## [Task item]
Repeat verbatim each line from the line with "Front and side" to the end of the entries. Pictures do not belong in the copy.

*** Source material Section Begins ***

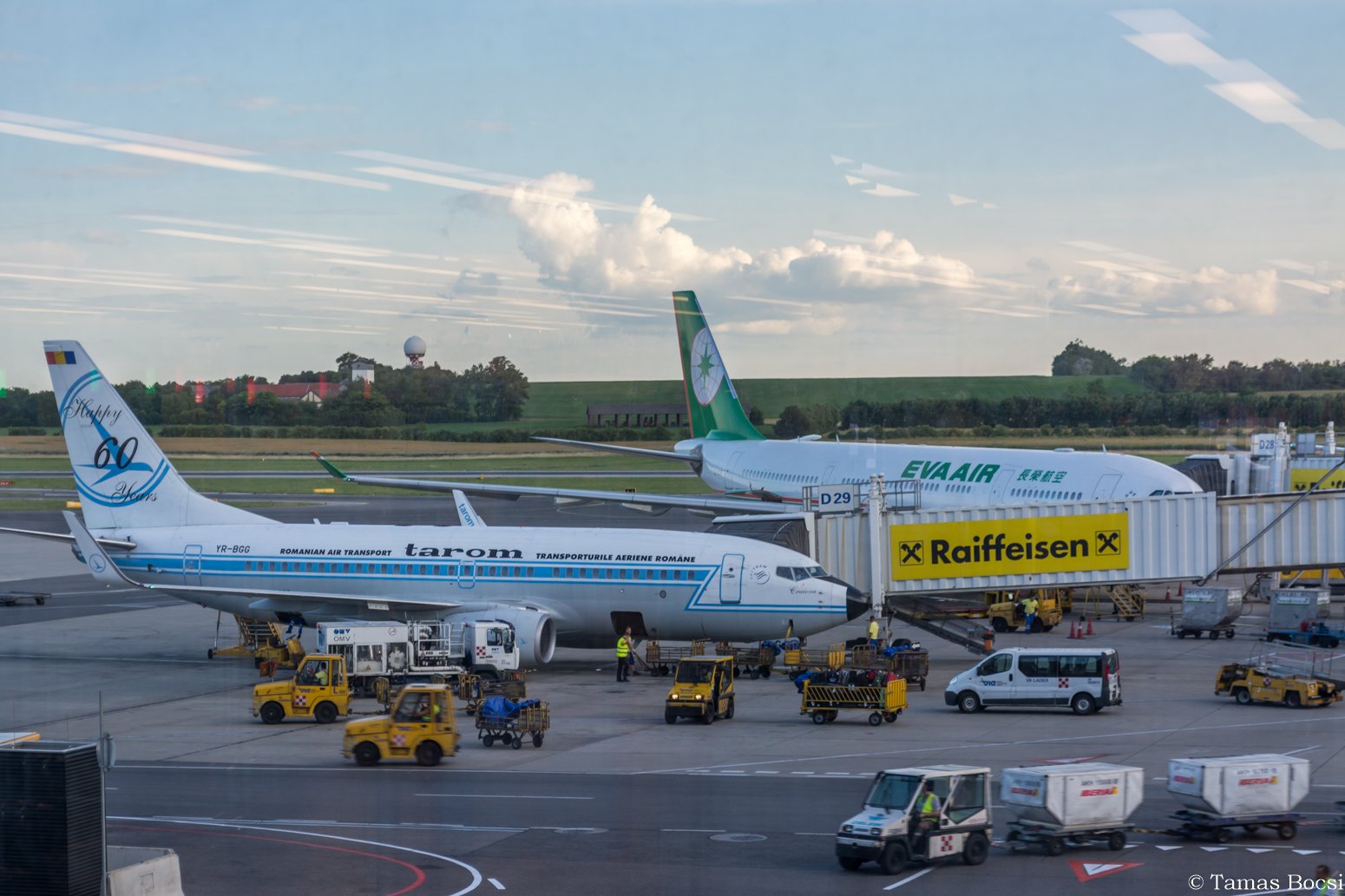 Two airplanes parked at the gate of an airport, one Romania Air Transport and one EVA Air, with various ground service vehicles and personnel around them.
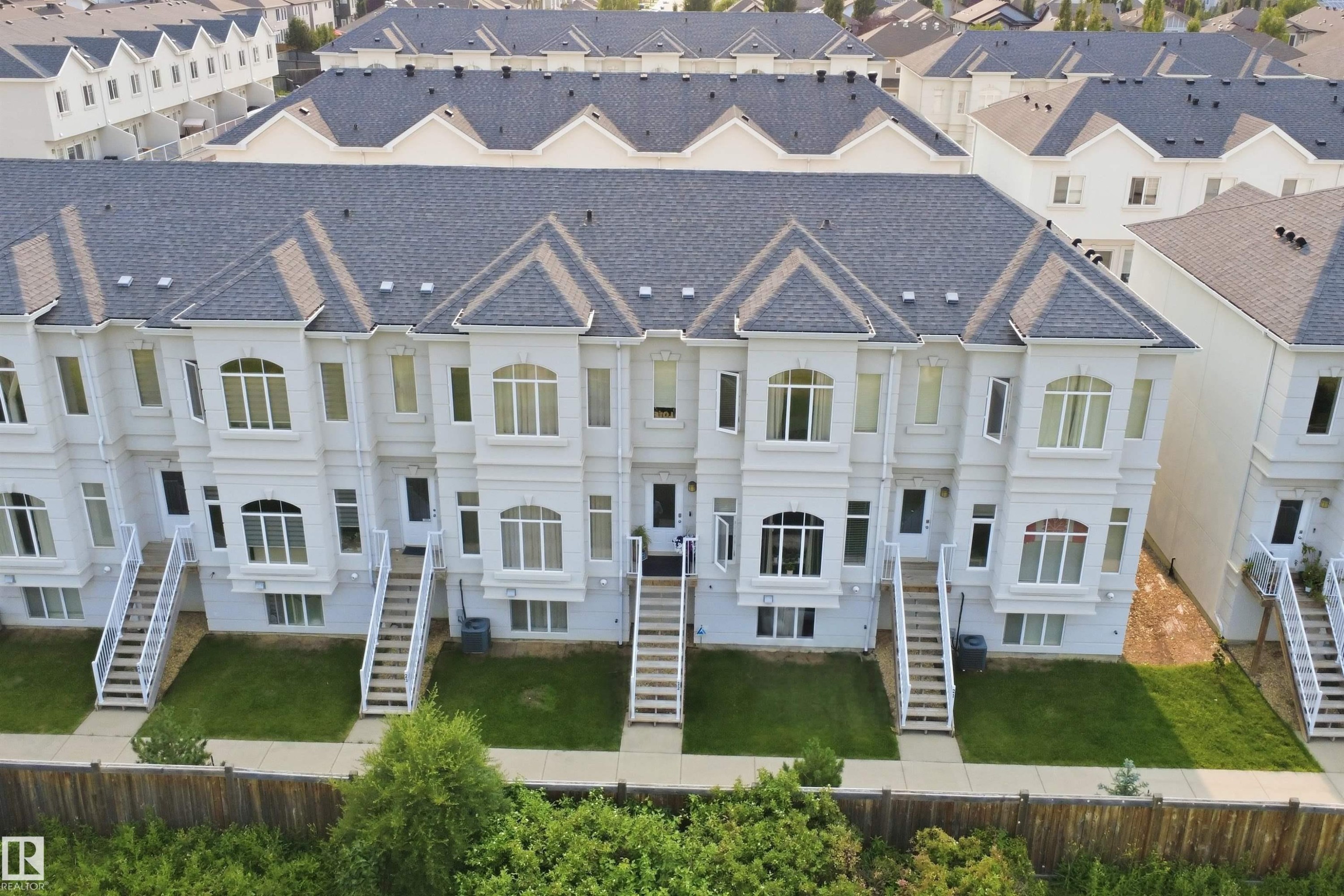 Townhome row featuring light-colored exteriors, multiple levels, prominent bay windows, and individual entry staircases - #22 723 172 Street Sw, Edmonton, AB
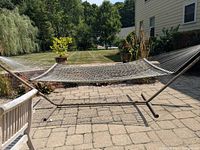Front and side view of the LLBean metal base hammock stand with attached white/beige net hammock and cushion. Shows stand on stone patio with plants and lawn in background.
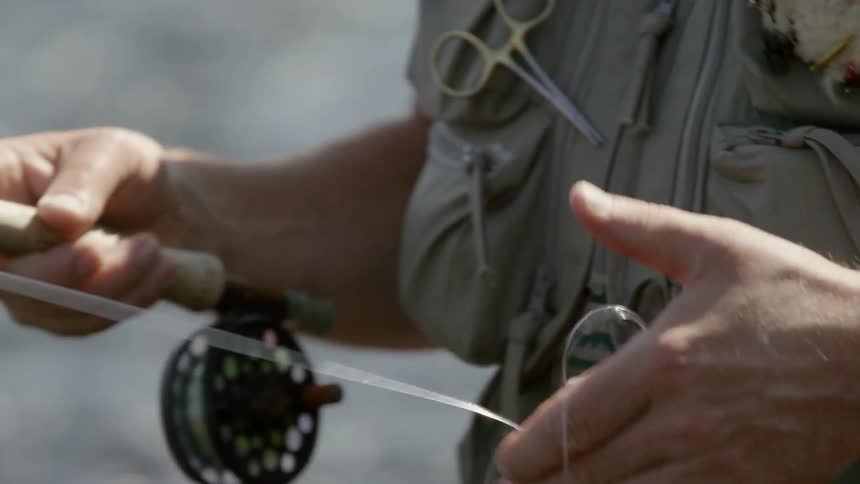 A fisherman adjusts the fishing line before casting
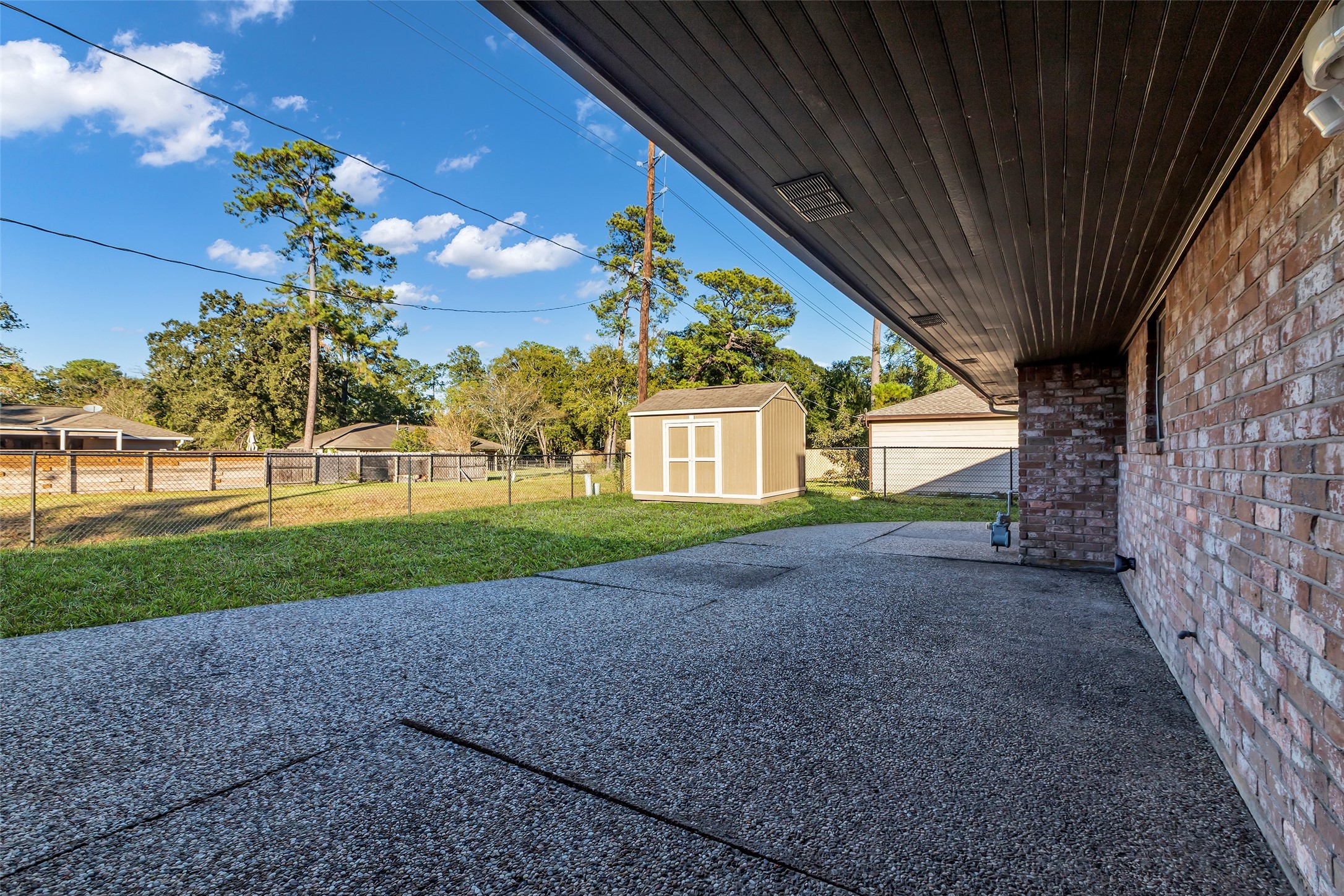 603 St Andrews Road Kingwood, TX 77339 - Photo 27 of 34 a view of a house with a yard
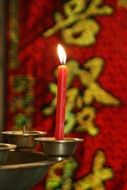 red candle in buddhist temple close up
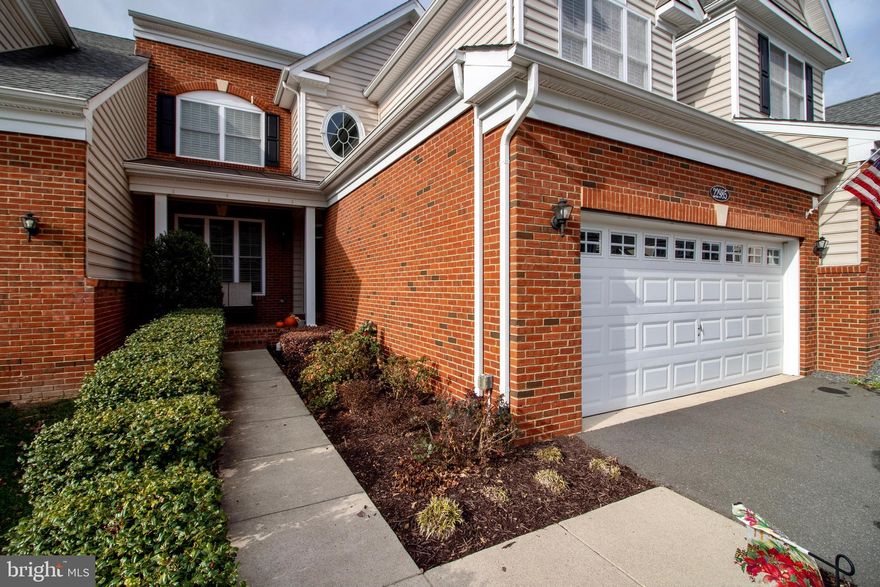 Welcome home to Loudoun Valley Estates! This gorgeous townhome features over finished 3400 sq ft of beauty! The primary bedroom is on the main level and boasts vaulted ceilings, walk-in closet and spacious bathroom with dual sinks and a huge shower. Hardwoods throughout the entire main floor, including the bedroom! This home is perfect for entertaining with a separate formal dining room and living room, in addition to open kitchen and family room with two story ceilings and cozy gas fireplace! The kitchen features an elegant backsplash, granite countertops, center island, stainless steel appliances, and gas cooking, as well as  table space. The main level is finished off with laundry room featuring front-loading washer and dryer and a half bath for guests. Upstairs are two spacious bedrooms and two full bathrooms, another walk-in closet and open loft space. The walk-out basement is fully finished and features a fourth full bathroom! The backyard is completely fenced in and the stamped concrete patio is begging for BBQs! The two car garage and driveway provide ample parking for residents and guests - rare in a townhome community!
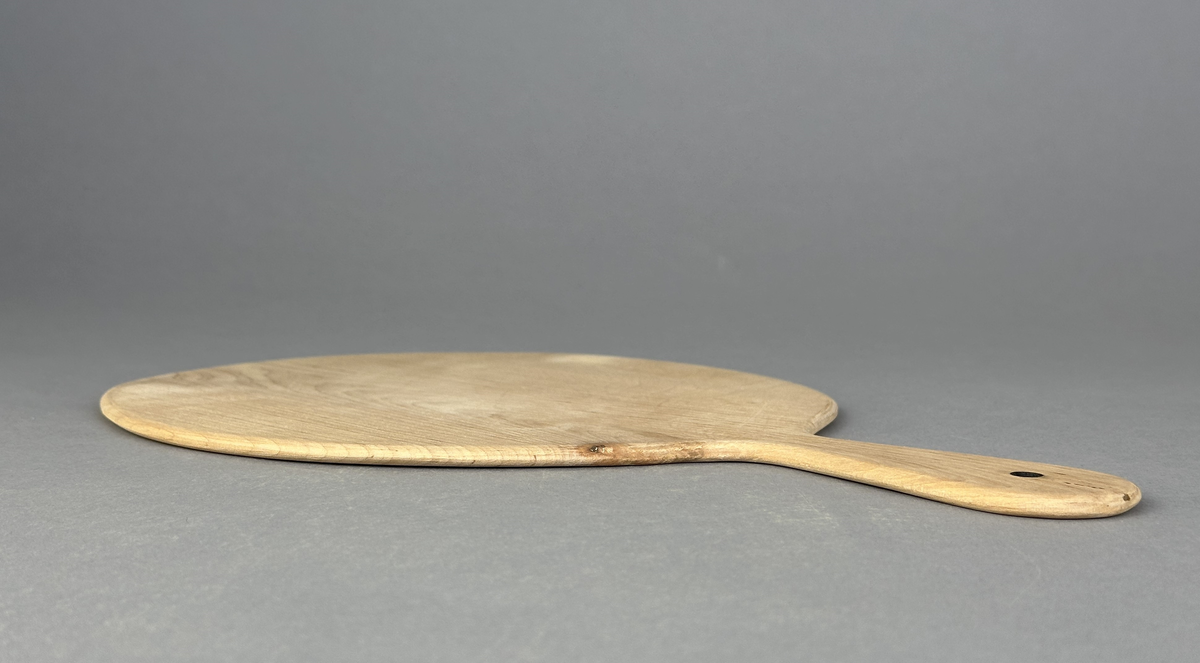 Rund brödspade/serveringsbräda med handtag av trä.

*** Source material Section Ends ***

## [Written answer]
Front and side view of the LLBean metal base hammock stand with attached white/beige net hammock and cushion. Shows stand on stone patio with plants and lawn in background.
 A fisherman adjusts the fishing line before casting
 603 St Andrews Road Kingwood, TX 77339 - Photo 27 of 34 a view of a house with a yard
 red candle in buddhist temple close up
 Welcome home to Loudoun Valley Estates! This gorgeous townhome features over finished 3400 sq ft of beauty! The primary bedroom is on the main level and boasts vaulted ceilings, walk-in closet and spacious bathroom with dual sinks and a huge shower. Hardwoods throughout the entire main floor, including the bedroom! This home is perfect for entertaining with a separate formal dining room and living room, in addition to open kitchen and family room with two story ceilings and cozy gas fireplace! The kitchen features an elegant backsplash, granite countertops, center island, stainless steel appliances, and gas cooking, as well as  table space. The main level is finished off with laundry room featuring front-loading washer and dryer and a half bath for guests. Upstairs are two spacious bedrooms and two full bathrooms, another walk-in closet and open loft space. The walk-out basement is fully finished and features a fourth full bathroom! The backyard is completely fenced in and the stamped concrete patio is begging for BBQs! The two car garage and driveway provide ample parking for residents and guests - rare in a townhome community!
 Rund brödspade/serveringsbräda med handtag av trä.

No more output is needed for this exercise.